バベルからノインによって救出されたリリーナは、バベルによるリリーナシティーへの砲撃による被害を受け、改めて完全平和主義の信念に基づき火星南部連合に降伏を宣言、その身を差し出す決意をする。「オペレーション・ミュートス」を実行するために、リリーナと共に要塞バベルへ向かう途中、バーチャルバイザーにより戦いの過去を体験したリリーナは、火星連邦政府の罪を一身に被り、法廷で下された死刑判決を受け入れる。そしてヒイロの放った弾丸が、リリーナを撃ち抜くが、それは立体映像のAIリリーナであった。
一方、残された面々は戦いを終わらせるためそれぞれ行動をはじめる。意識を取り戻したキュレネの風は正体を明かし、初代火星政府大統領ミリアルドとしてデュオ、フォボス、カトリーヌ、ミル、ナイナ、無慈悲な妖精たちを率いてバベルとの戦闘を再開。ファザー・マックスウェルはレディ・アンによって引きあわされたヒイロのスペアであるアルファと共に民衆を立ち上がらせる。老師・張、ドクトルT、W教授、キャサリンは火星衛星軌道上に隠されたモビルドールプラント「ウルカヌス」に乗り込みすべての元凶であるディズヌフを捕えPPPの解除コードを取得し解除に成功する。
白雪姫に乗ったヒイロはミリアルドを追い詰めていたゼクスのエピオン初号機に対し最後の七つの矮星《金》を撃ち込みその強力なEMPによりAIであったゼクスは機能を停止、またバベルや主力であったビルゴIVもシステムダウンしラナグリン共和国は戦力を喪失。火星南北戦争は終結を迎える。
戦後、火星のウィナーホスピタルで母親と過ごすリリーナの元に手紙を持ったヒイロが現れる。ドーリアンへと戻ったリリーナと共に歩む誓いとして、ヒイロはコロニーのエージェント「ヒイロ・ユイ」の名を捨てただの少年に戻る。初めて自らの手でリリーナに渡した手紙には、プロポーズの一言が書かれていたのだった。
トレーズ・ファイル
ヒイロの覚醒に必要だったバーチャルバイザーの記憶ファイルの一つ。
主にトレーズの人格形成の過程が描かれており、 トレーズの両親であるアイン・ユイとアンジェリーナ・クシュリナーダの出会いから駆け落ちと離別、トレーズとその弟ヴァンの誕生、モビルスーツの完成とスペシャルズ創設とその初陣、ヴァンのロームフェラ財団掌握、嵐の大洋会戦(第一次月面戦争)とその後に行われたバルジ完成式典への反乱軍の奇襲攻撃、そこから始まるロームフェラ財団によるコロニーへの締めつけとヴァンの暗殺までが記録されている。
ピースクラフト・ファイル
ヒイロの覚醒に必要だったバーチャルバイザーの記憶ファイルと、ヒルデがミルに送ったファイルを組み合わせて作成されたリリーナの覚醒に不足していた記憶ファイル。
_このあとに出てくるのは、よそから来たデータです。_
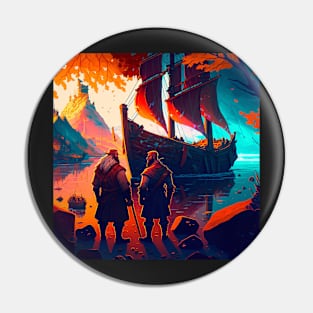 Valheim Vikings in the New World Pin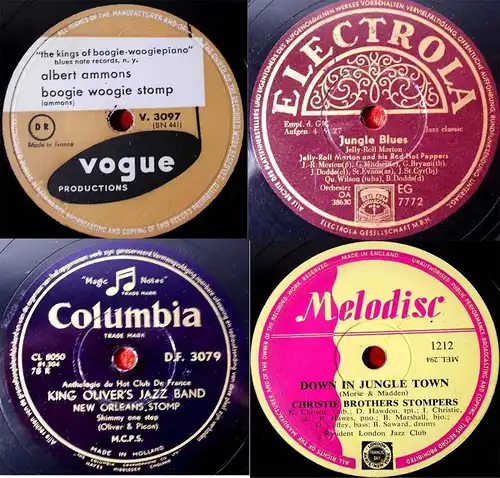 54 Original 78er Schellackplatten JAZZ & SWING - Jelly Roll Morton King Oliver..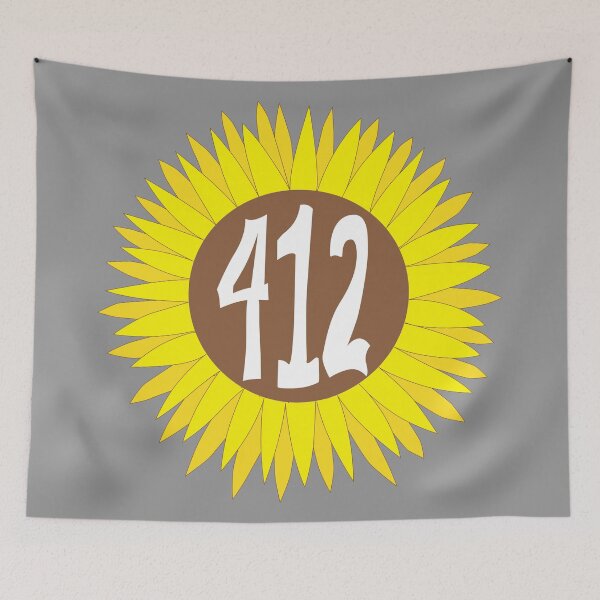 Item preview, Hand Drawn Pennsylvania Sunflower 412 Area Code designed and sold by itsrturn.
ピースクラフト王家に生まれた双子の王女サブリナとカテリナを中心に、地球圏統一連合と反乱軍との戦いの日々や若き日の指導者ヒイロ・ユイの軌跡が描かれており、AC130年のピースクラフト王家に生まれた双子の王女であるサブリナとカテリナの誕生、若き日の指導者ヒイロ・ユイとカテリナの出会い、AC145地球圏統一連合への反乱軍がピースクラフト王国に逃げ込んだことに端を発する地球圏統一連合とピースクラフト王国との戦争におけるカテリナと若き日の5博士達の活躍。サブリナに名を譲ったカテリナのシス・マーキスとしての日々、サブリナの死に伴うカテリナの復帰、指導者ヒイロ・ユイのエメラルド・シティの副市長就任が記録されている。
プリベンダー5
元はFrozen Teardropの序章として制作されたBlu-ray Box2の封入特典のピクチャードラマ「新機動戦記ガンダムW Frozen Teardrop 次なる戦い(エピオンアレス)」のCDシナリオ。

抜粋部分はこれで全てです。